• _WHAT THIS TASK INVOLVES_:
Exactly and without additions, transcribe the line that contains "Capsicum annuum per" and every line after it in the data.

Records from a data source

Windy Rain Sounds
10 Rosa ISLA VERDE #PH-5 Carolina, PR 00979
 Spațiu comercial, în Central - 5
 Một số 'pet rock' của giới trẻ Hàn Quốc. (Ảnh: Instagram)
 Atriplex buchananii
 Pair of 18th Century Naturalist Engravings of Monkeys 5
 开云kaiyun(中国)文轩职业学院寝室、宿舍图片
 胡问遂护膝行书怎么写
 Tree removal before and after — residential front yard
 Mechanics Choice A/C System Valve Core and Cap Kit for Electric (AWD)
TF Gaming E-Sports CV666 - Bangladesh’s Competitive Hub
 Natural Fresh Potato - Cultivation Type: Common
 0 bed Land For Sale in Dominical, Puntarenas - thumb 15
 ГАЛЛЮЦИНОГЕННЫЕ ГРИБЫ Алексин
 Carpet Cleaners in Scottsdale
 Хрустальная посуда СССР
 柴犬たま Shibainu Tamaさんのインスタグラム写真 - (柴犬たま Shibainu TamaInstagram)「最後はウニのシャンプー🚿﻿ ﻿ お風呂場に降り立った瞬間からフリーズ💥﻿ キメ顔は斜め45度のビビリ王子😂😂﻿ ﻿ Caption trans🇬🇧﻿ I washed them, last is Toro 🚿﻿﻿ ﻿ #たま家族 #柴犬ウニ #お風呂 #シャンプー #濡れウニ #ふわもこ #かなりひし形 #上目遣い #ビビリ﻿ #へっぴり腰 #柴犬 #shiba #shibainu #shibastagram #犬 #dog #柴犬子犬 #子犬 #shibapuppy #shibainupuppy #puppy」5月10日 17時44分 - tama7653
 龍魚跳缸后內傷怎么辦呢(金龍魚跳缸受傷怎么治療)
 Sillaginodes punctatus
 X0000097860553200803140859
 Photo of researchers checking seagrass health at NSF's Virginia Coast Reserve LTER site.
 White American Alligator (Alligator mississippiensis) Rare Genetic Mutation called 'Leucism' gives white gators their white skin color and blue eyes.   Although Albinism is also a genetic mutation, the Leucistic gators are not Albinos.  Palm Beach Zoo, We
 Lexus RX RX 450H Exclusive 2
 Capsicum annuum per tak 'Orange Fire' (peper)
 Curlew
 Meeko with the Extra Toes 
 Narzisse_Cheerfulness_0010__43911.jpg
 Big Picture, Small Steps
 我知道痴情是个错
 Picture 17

• _ANSWER SPACE_:
 Capsicum annuum per tak 'Orange Fire' (peper)
 Curlew
 Meeko with the Extra Toes 
 Narzisse_Cheerfulness_0010__43911.jpg
 Big Picture, Small Steps
 我知道痴情是个错
 Picture 17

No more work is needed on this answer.